* _Recorded data_:
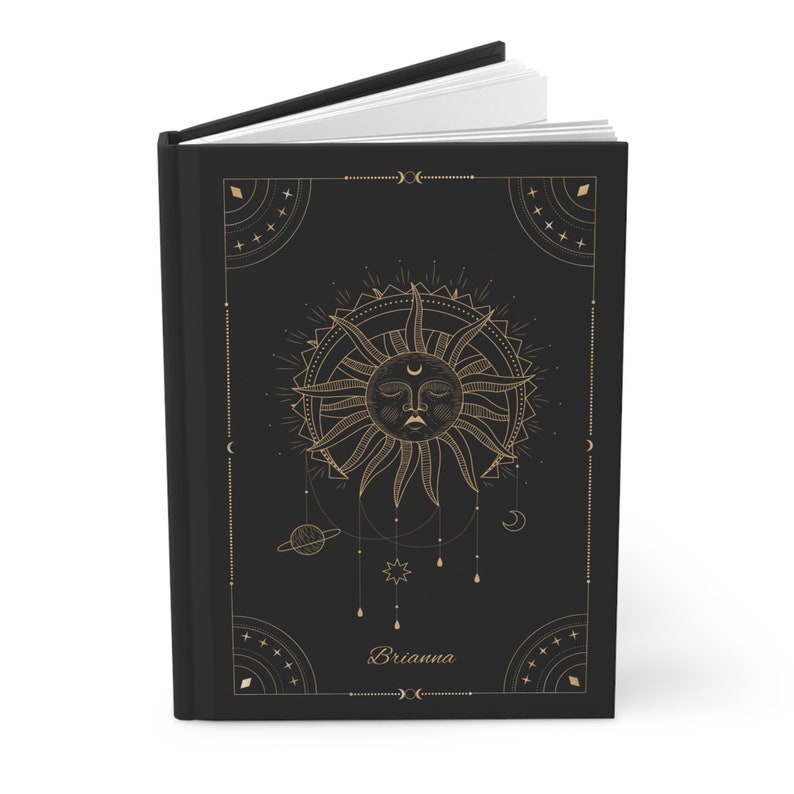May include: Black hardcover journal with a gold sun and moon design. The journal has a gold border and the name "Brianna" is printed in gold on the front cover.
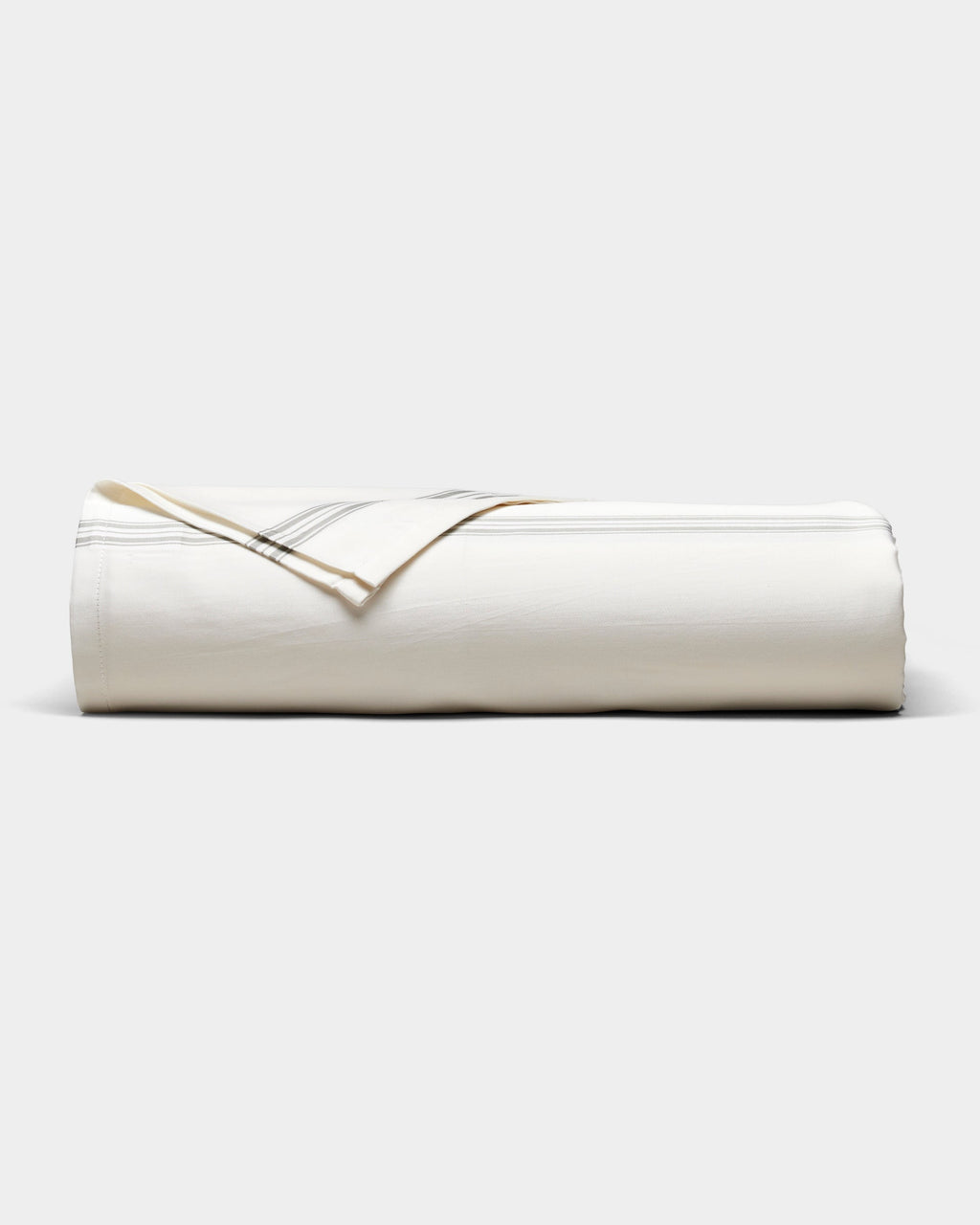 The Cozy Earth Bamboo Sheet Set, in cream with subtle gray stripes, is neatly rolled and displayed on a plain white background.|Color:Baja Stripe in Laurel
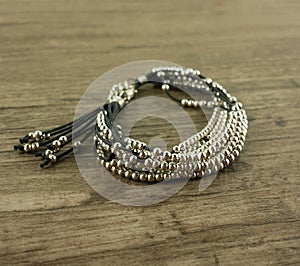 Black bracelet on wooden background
--
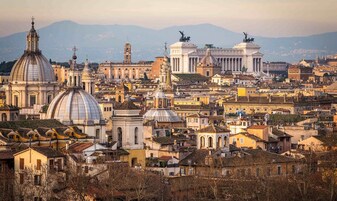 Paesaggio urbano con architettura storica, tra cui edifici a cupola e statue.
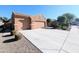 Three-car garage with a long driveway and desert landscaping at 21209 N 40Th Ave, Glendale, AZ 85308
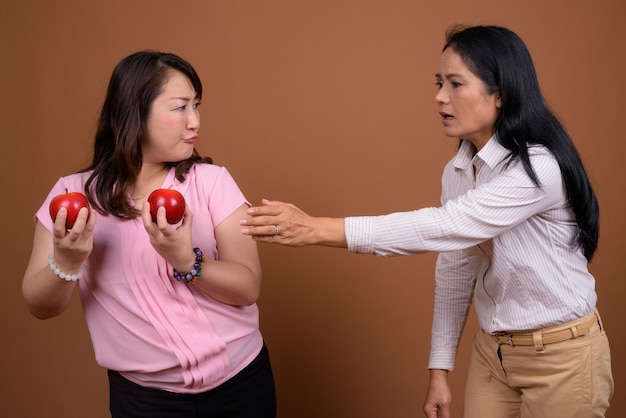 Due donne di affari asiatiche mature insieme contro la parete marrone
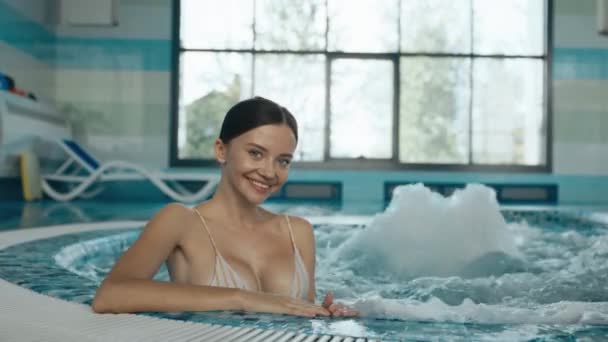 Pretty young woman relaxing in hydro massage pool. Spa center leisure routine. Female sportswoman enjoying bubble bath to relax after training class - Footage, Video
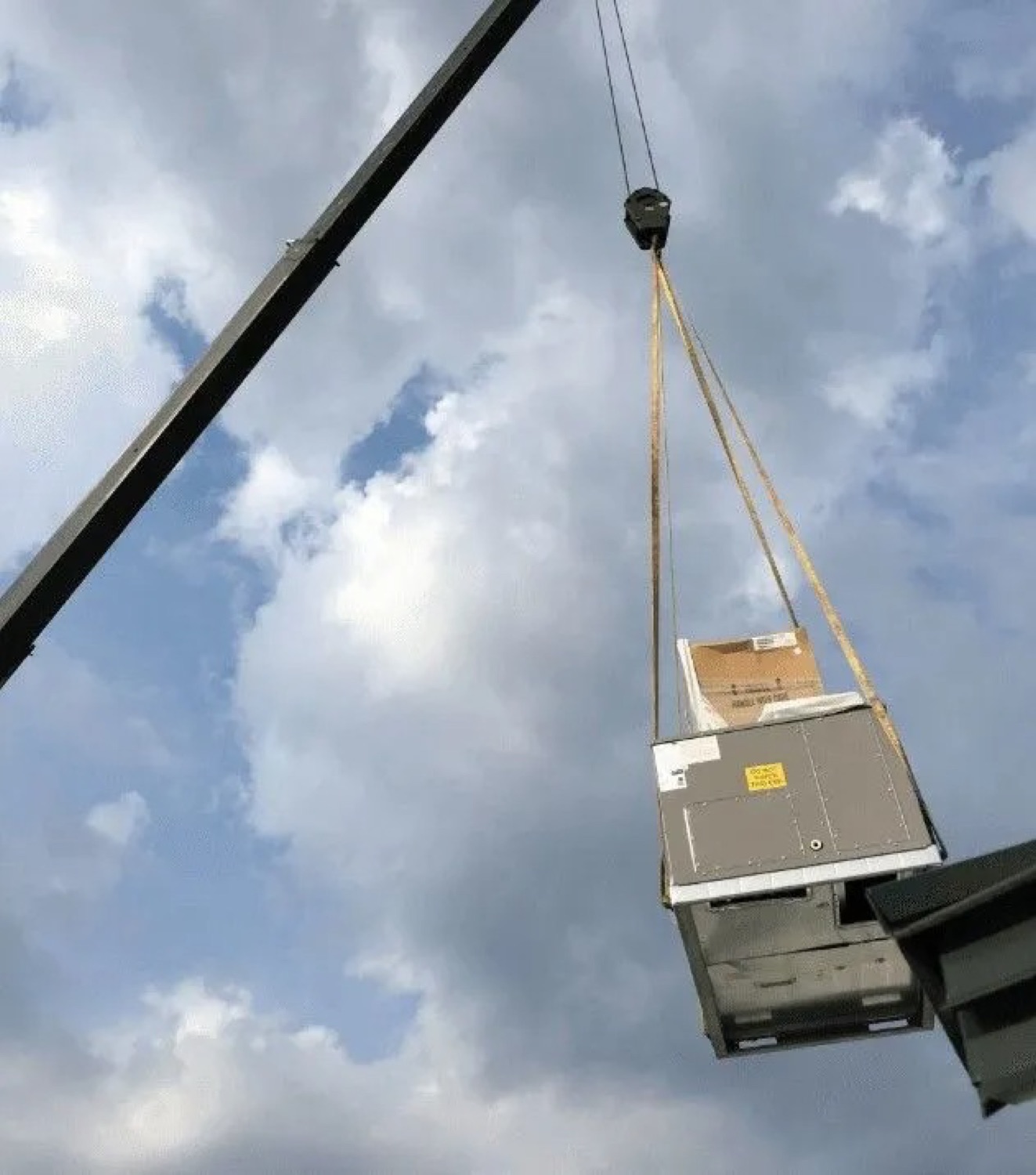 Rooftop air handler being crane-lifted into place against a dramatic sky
==
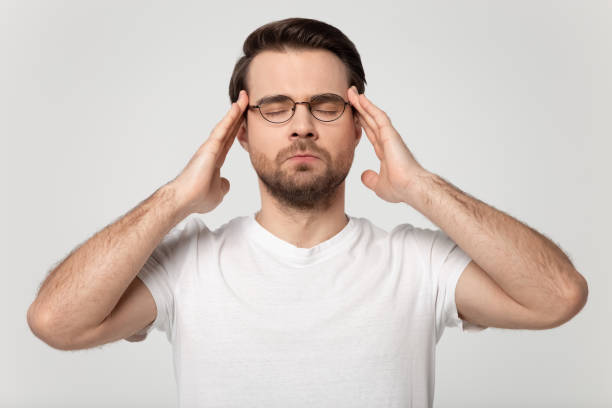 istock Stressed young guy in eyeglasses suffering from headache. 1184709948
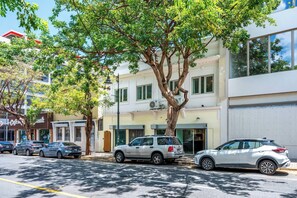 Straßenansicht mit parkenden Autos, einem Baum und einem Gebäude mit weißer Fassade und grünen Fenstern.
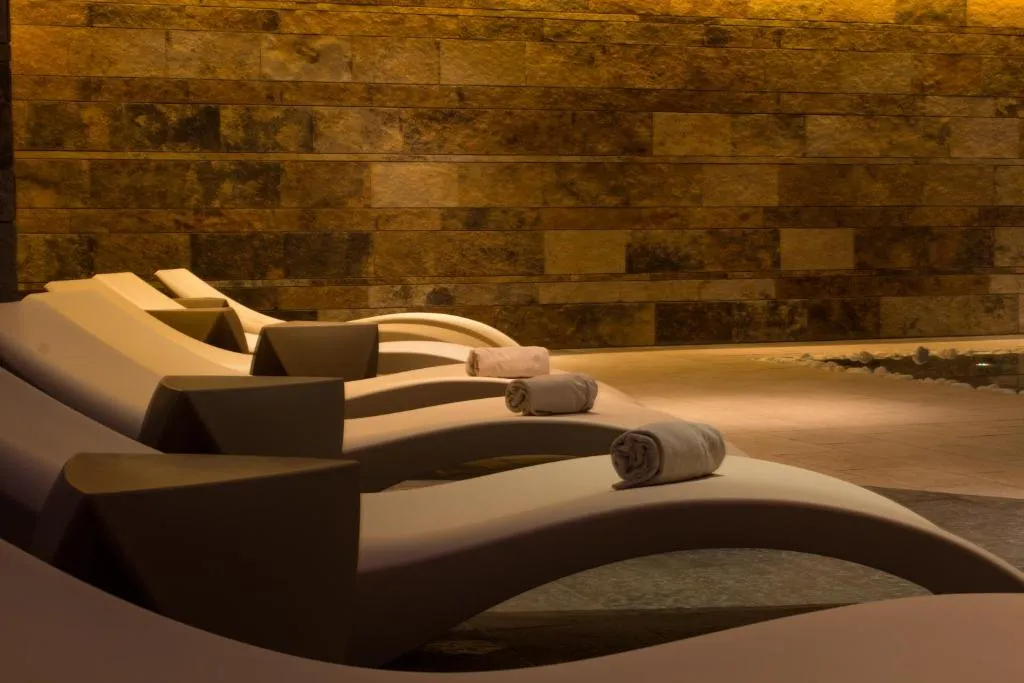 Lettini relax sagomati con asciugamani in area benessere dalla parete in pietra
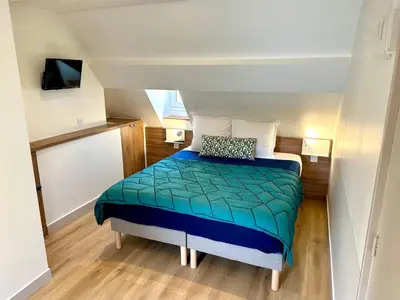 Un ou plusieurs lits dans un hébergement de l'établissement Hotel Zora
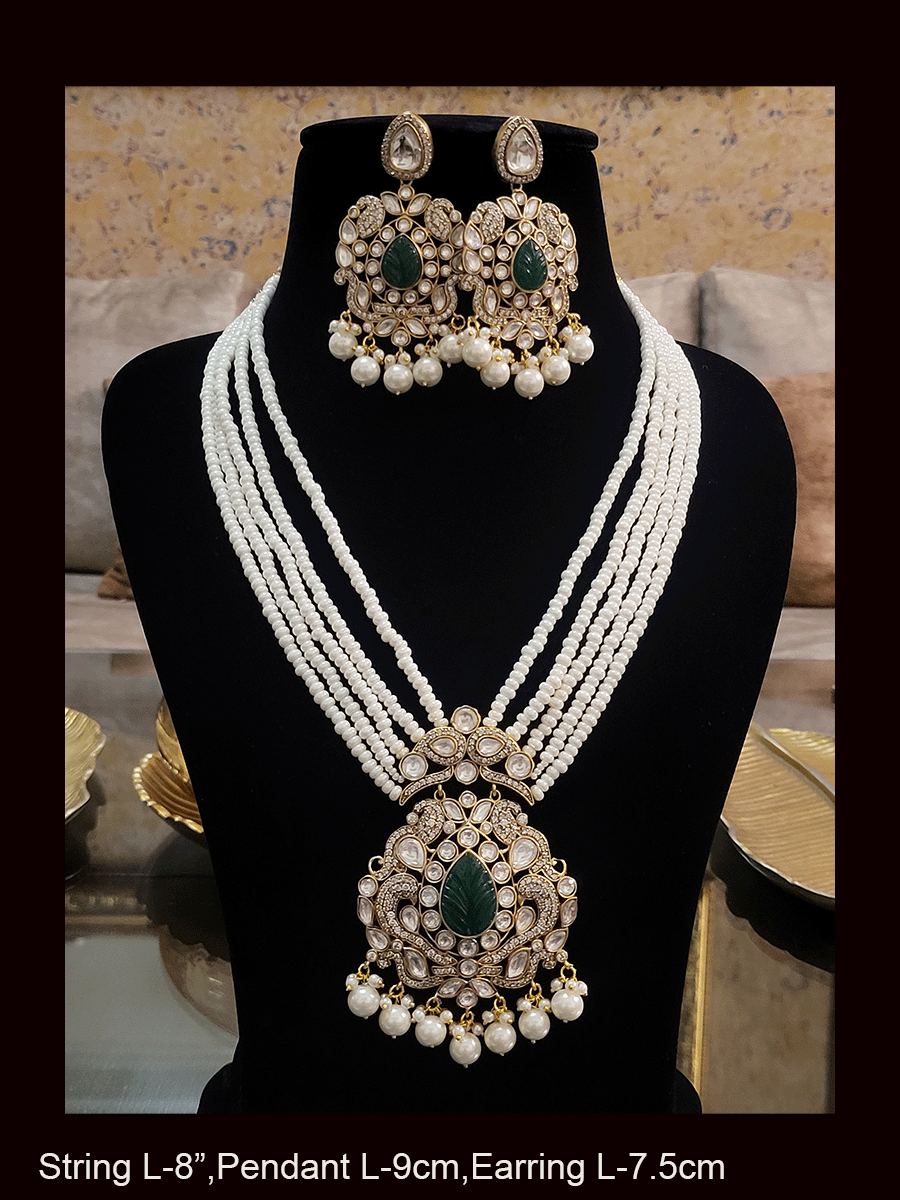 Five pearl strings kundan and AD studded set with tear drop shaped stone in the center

* _Goal of the exercise_: Each line above that falls between the line with "Straßenansicht mit parkenden" and the line with "Five pearl strings" should be printed exactly, together with those two lines, but the pictures should not.

* _Expected answer_:
 Straßenansicht mit parkenden Autos, einem Baum und einem Gebäude mit weißer Fassade und grünen Fenstern.
 Lettini relax sagomati con asciugamani in area benessere dalla parete in pietra
 Un ou plusieurs lits dans un hébergement de l'établissement Hotel Zora
 Five pearl strings kundan and AD studded set with tear drop shaped stone in the center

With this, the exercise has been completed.